» **EXERCISE GOAL**: Everything in the entries except the pictures must be repeated exactly.

*** DATASET ***

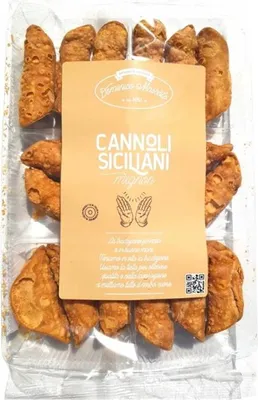 A package of cannoli siciliani mignon.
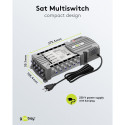 Goobay Sat Multiswitch 9 Inputs/12 Outputs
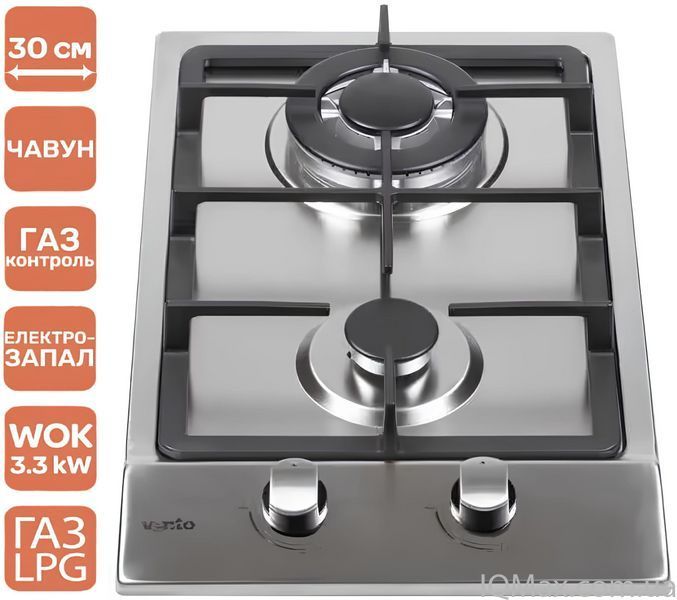 Варочная поверхность газовая Ventolux HG320 CEST (X) 7 81051 фото
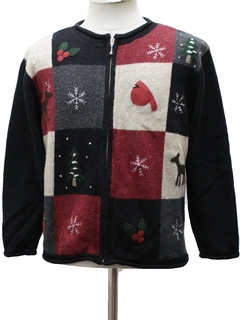 1980's Womens Ugly Christmas Sweater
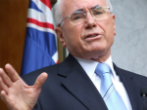 Former Australian Prime Minister John Howard explained that he was unconvinced that catastrophe is approaching. Image of Former Australian Prime Minister John Howard explained that he was unconvinced that catastrophe is approaching.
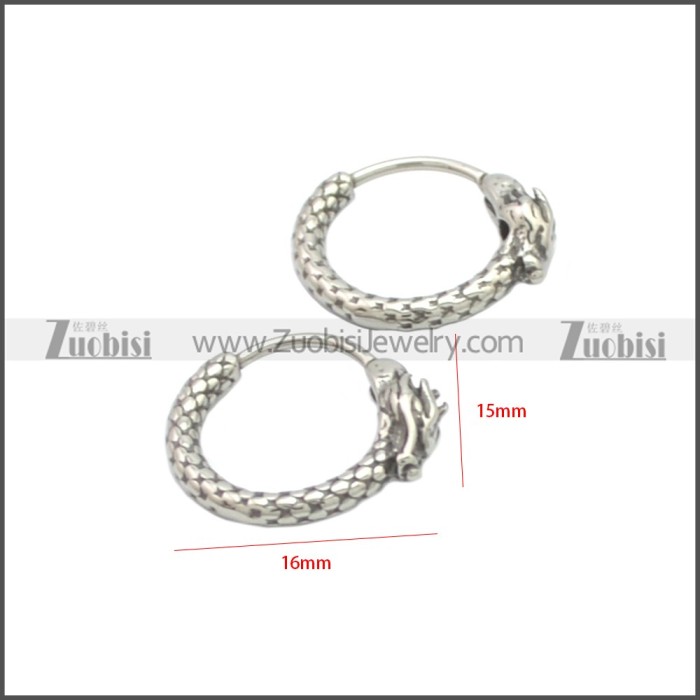 Stainless Steel Earring e002132SA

*** End of DATASET ***

» **SOLUTION**:
 A package of cannoli siciliani mignon.
 Goobay Sat Multiswitch 9 Inputs/12 Outputs
 Варочная поверхность газовая Ventolux HG320 CEST (X) 7 81051 фото
 1980's Womens Ugly Christmas Sweater
 Former Australian Prime Minister John Howard explained that he was unconvinced that catastrophe is approaching. Image of Former Australian Prime Minister John Howard explained that he was unconvinced that catastrophe is approaching.
 Stainless Steel Earring e002132SA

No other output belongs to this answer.